Control-flow Graph Recovery (CFG)
=================================
angr includes analyses to recover the control-flow graph of a binary program.
This also includes recovery of function boundaries, as well as reasoning about
indirect jumps and other useful metadata.
General ideas
-------------
A basic analysis that one might carry out on a binary is a Control Flow Graph. A
CFG is a graph with (conceptually) basic blocks as nodes and
jumps/calls/rets/etc as edges.
In angr, there are two types of CFG that can be generated: a static CFG
(CFGFast) and a dynamic CFG (CFGEmulated).
CFGFast uses static analysis to generate a CFG. It is significantly faster, but
is theoretically bounded by the fact that some control-flow transitions can only
be resolved at execution-time. This is the same sort of CFG analysis performed
by other popular reverse-engineering tools, and its results are comparable with
their output.
CFGEmulated uses symbolic execution to capture the CFG. While it is
theoretically more accurate, it is dramatically slower.
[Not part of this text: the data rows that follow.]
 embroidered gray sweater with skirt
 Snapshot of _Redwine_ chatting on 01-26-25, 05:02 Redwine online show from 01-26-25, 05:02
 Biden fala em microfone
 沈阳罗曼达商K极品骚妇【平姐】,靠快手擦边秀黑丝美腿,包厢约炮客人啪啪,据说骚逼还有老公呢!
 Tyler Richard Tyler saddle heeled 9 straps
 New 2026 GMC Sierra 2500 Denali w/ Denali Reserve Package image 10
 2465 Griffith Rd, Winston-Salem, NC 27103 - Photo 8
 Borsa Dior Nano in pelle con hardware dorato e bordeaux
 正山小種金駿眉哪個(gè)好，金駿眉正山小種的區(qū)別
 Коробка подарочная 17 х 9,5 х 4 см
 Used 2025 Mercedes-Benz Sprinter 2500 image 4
It is also typically
less complete, due to issues with the accuracy of emulation (system calls,
missing hardware features, and so on)
*If you are unsure which CFG to use, or are having problems with CFGEmulated,
try CFGFast first.*
A CFG can be constructed by doing:
.. code-block:: python
>>> import angr
# load your project
>>> p = angr.Project('/bin/true', load_options={'auto_load_libs': False})
# Generate a static CFG
>>> cfg = p.analyses.CFGFast()
# generate a dynamic CFG
>>> cfg = p.analyses.CFGEmulated(keep_state=True)
Using the CFG
-------------
The CFG, at its core, is a `NetworkX `_ di-graph.
This means that all of the normal NetworkX APIs are available:
.. code-block:: python
>>> print("This is the graph:", cfg.graph)
>>> print("It has %d nodes and %d edges" % (len(cfg.graph.nodes()), len(cfg.graph.edges())))
The nodes of the CFG graph are instances of class ``CFGNode``. Due to context
sensitivity, a given basic block can have multiple nodes in the graph (for
multiple contexts).
.. code-block:: python
# this grabs *any* node at a given location:
>>> entry_node = cfg.get_any_node(p.entry)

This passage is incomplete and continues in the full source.